▶ **Problem requirements**
Set the listing down again exactly, please, apart from its pictures.

== Provided data ==

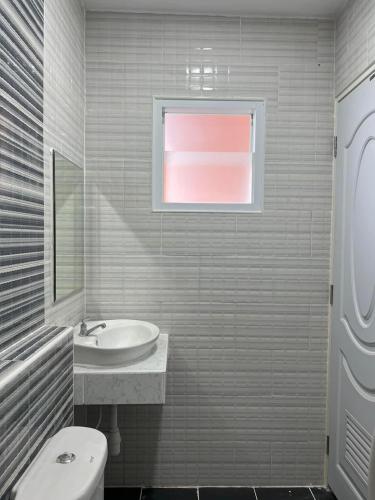 a bathroom with a sink and a toilet and a window at Thana Apartment in Ban Phan Sadet Nai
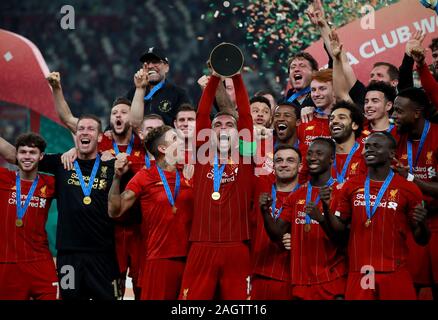 Liverpool's Jordan Henderson celebrates with the trophy after the FIFA Club World Cup final at the Khalifa International Stadium, Doha. Stock Photo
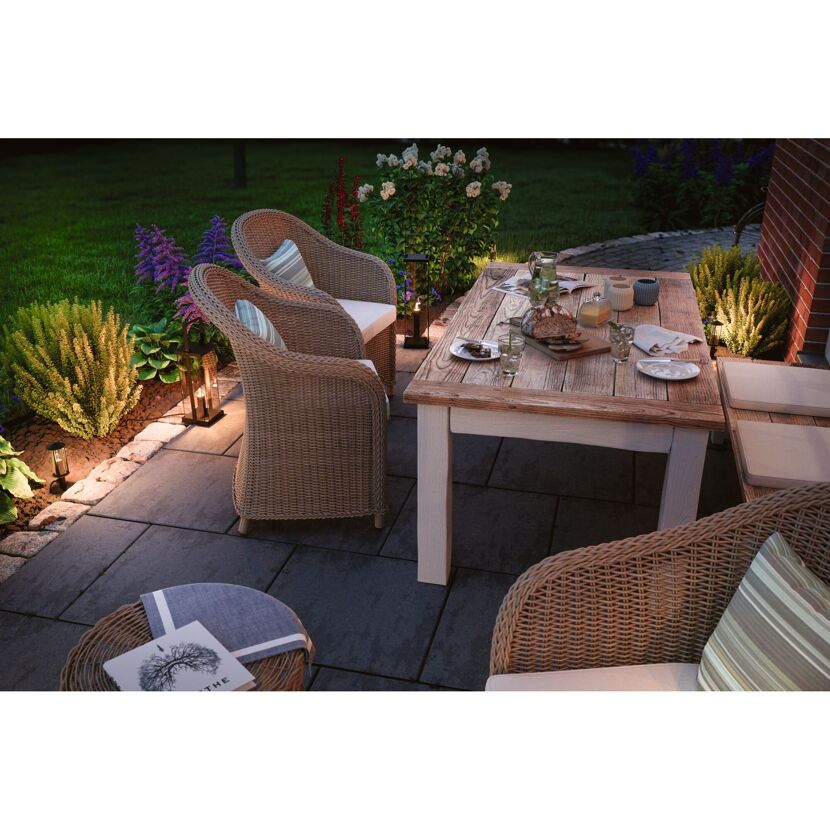 Gemütliche Sitzecke im Garten mit beleuchtetem Tisch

===

▶ **Task result**
 a bathroom with a sink and a toilet and a window at Thana Apartment in Ban Phan Sadet Nai
 Liverpool's Jordan Henderson celebrates with the trophy after the FIFA Club World Cup final at the Khalifa International Stadium, Doha. Stock Photo
 Gemütliche Sitzecke im Garten mit beleuchtetem Tisch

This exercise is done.